著作物としてどう認めるかは、事例によって異なります。たとえば、「電話ボックスの中で金魚が泳いでいる」というアイディアで生まれた2つの作品では、先に発表した作家が他方の作家を著作権侵害で訴え、高裁の判断で著作権侵害が認められた例があります(4)。地裁では、「電話ボックスの中で金魚が泳いでいる」というのはアイディアにすぎず、それを実現しようとすると自ずと選択肢は限られるため、類似性があって当然とし原告の訴えを退けていました。高裁では、金魚が泳げる状態にするための工夫に創作性を認め、さらに被告側が原告の作品を事前に知っていた可能性を指摘し、逆転で原告の訴えを認めることになりました。
また、丸い頭にタコのような複数のスライダーを持つ、タコ型滑り台についても、第1号を制作した会社が著作権侵害があったとして、他社が製造したタコ型滑り台を訴えたこともあります。この場合では、遊具として実用性があるもので「鑑賞対象ではない」ということから、「著作物」と認められなかったため、訴えは棄却されました(5)。鑑賞されるかどうか、実用性があるかどうか、といったところも著作物かどうかの判断材料になります。
(4)詳しくは、『「アイデア」と「表現」の狭間をたゆたう金魚かな。金魚電話ボックス事件大阪高裁判決の思考を追う』美術手帖、木村剛大, 2021年1月18日(https://bijutsutecho.com/magazine/insight/23433、2023年9月20日閲覧)
(5)詳しくは、『「タコ滑り台」に著作権は認められるのか...「芸術性」巡り3年の法廷闘争』読売新聞オンライン、2022年8月1日(https://www.yomiuri.co.jp/national/20220801-OYT1T50115/3/、2023年9月20日閲覧)
著作物の種類
著作権法第10条には、著作物の種類についての例示が載っています。あくまで例示であり他の表現であっても著作物になり得ます。
1.小説、脚本、論文、講演その他の言語の著作物
2.音楽の著作物
3.舞踊又は無言劇の著作物
4.絵画、版画、彫刻その他の美術の著作物
5.建築の著作物
6.地図又は学術的な性質を有する図面、図表、模型その他の図形の著作物
7.映画の著作物
8.写真の著作物
9.プログラムの著作物
5の「建築の著作物」について補足すると、建築物自体は実用性があるもののため著作物とならない場合が多いですが、その設計図には創作性が多分に認められるため、著作物として扱われます。
美術と著作権、著作権と倫理の問題
「美術と著作権」に関連し、事例として「和田義彦 芸術選奨文科大臣賞取消事件(2006年)」が紹介されました。
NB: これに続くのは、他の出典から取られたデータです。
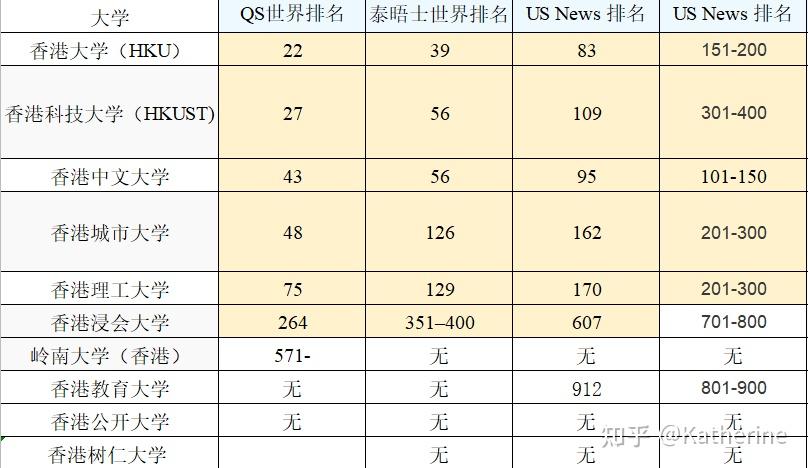 2021留學(xué)生上海落戶-香港哪些大學(xué)符合要求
和田は1940年生まれで、愛知県の旭丘高等学校美術科を卒業後、東京藝術大学洋画科へ進学し、国画会で頭角を表し国内外で活躍した画家です。2006年に芸術選奨文科大臣賞を受賞しますが、同年イタリアの画家アルベルト・スギの作品との類似性を指摘され、大きなスキャンダルとしてワイドショーなどにも取り上げられ、美術と全く縁がない人でも知るところとなりました。両者の作品を比べると酷似している部分が多く、盗作と疑われてもおかしくない状態であったと言えるでしょう。最終的に本人が盗作を認めることはなかったものの、芸術選奨文科大臣賞は授与を取り消され、国画会を退会するなど画家人生において大きな打撃を受けました。ここで特筆すべきなのが、作品制作における著作権侵害についてだけでなく、作家個人やその家族など周囲の人たちへも個人的攻撃が行われたことです。
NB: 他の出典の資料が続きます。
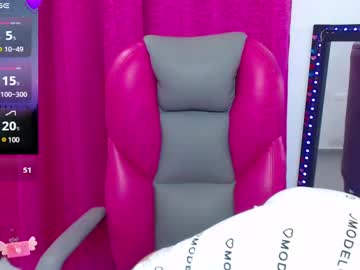 Krysten_Ritter2 December 20, 2024 Chaturbate stream image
東京五輪2020のロゴ制作における盗作疑惑問題でも同様なことが起こりました。佐野研二郎によるロゴが正式に公表された後に、ベルギーの劇場やスペインのデザイン事務所からデザインが酷似しており著作権が侵害されているという訴えが起こりました。並べてみると類似性を認めることができますが、これらはタイポグラフィーの一種として、単純なパターンの展開によるものです。電話ボックス事件の際に地裁が判断したのと同じように、単純なパターン変化においては、実現されるものの可能性は制限されるため、著作権法上の創作性があるとは認められない可能性があります。例えばピエト・モンドリアンは直線と長方形のパターンによる作品が有名ですが、実はこれもパターン変化によるものであり、著作物として認められるかどうかは曖昧、どちらかといえば否定されがちなタイプの表現になります。そういった観点から、「著作権侵害をしているかどうか」という点で法廷で争えば、佐野が勝訴する可能性もありました。しかし、SNSによる個人への攻撃、家族や教え子などへの誹謗中傷などが続き、佐野はロゴのデザインから退くことになりました。
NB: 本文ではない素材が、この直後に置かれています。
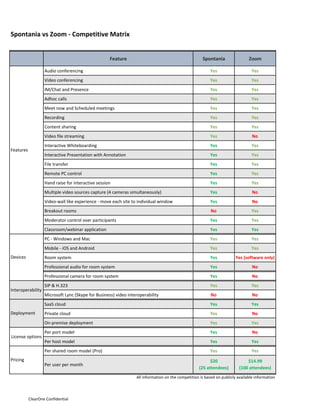 ClearOne	
  Confidential
Feature Spontania Zoom 	
   	
  
Audio	
  conferencing Yes Yes
Video	
  conferencing Yes Yes
IM/Chat	
  and	
  Presence Yes Yes
Adhoc	
  calls Yes Yes
Meet	
  now	
  and	
  Scheduled	
  meetings Yes Yes
Recording Yes Yes
Content	
  sharing Yes Yes
Video	
  file	
  streaming Yes No
Interactive	
  Whiteboarding Yes Yes
Interactive	
  Presentation	
  with	
  Annotation Yes Yes
File	
  transfer Yes Yes
Remote	
  PC	
  control Yes Yes
Hand	
  raise	
  for	
  interactive	
  session Yes Yes
Multiple	
  video	
  sources	
  capture	
  (4	
  cameras	
  simultaneously) Yes No
Video-­‐wall	
  like	
  experience	
  -­‐	
  move	
  each	
  site	
  to	
  individual	
  window Yes No
Breakout	
  rooms No Yes
Moderator	
  control	
  over	
  participants Yes Yes
Classroom/webinar	
  application Yes Yes
PC	
  -­‐	
  Windows	
  and	
  Mac Yes Yes
Mobile	
  -­‐	
  iOS	
  and	
  Android Yes Yes
Room	
  system Yes Yes	
  (software	
  only)
Professional	
  audio	
  for	
  room	
  system Yes No
Professional	
  camera	
  for	
  room	
  system Yes No
SIP	
  &	
  H.323 Yes Yes
Microsoft	
  Lync	
  (Skype	
  for	
  Business)	
  video	
  interoperability No No
SaaS	
  cloud Yes Yes
Private	
  cloud Yes No
On-­‐premise	
  deployment Yes Yes
Per	
  port	
  model	
   Yes No
Per	
  host	
  model	
   Yes Yes
Per	
  shared	
  room	
  model	
  (Pro) Yes Yes
License	
  options
Spontania	
  vs	
  Zoom	
  -­‐	
  Competitive	
  Matrix
Features
Devices
Interoperability
Deployment
Pricing
Per	
  user	
  per	
  month
$20
(25	
  attendees)
$14.99
(100	
  attendees)
All	
  information	
  on	
  the	
  competition	
  is	
  based	
  on	
  publicly	
  available	
  information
さらに、「昆虫交尾図鑑騒動(2013年)」も事例として取り上げられました。当時、現役の美大生だった作者が、授業の課題として昆虫の交尾イラストをまとめた図鑑を制作し、それをみた出版社からの働きかけによって出版されたものでした。しかし、発売されると「類似した写真が他者の運営するWEBサイト上に多数ある」とSNSで炎上してしまいます。昆虫の写真を掲載している某有名サイトに、図鑑に掲載されているイラストと類似したものが複数みつかり、SNSでは両者の画像を並べて掲載するなど過剰ともいえる「検証(=トレース)」がおこなわれました。全く同一の構図が見つからなかったにも関わらず、SNSでは写真家の著作権を侵害しているとして個人攻撃が加熱しました。著作権の観点からみると、昆虫などの「自然物」には創作性が認められず、著作権は発生しないことになります。さらに、写真の表現上の特徴全てをそのまま模写しているわけではない点も著作権の侵害をしていないという見解を後押しします。しかしながら、SNSでの批判を受けて作者が謝罪を行うこととなりました。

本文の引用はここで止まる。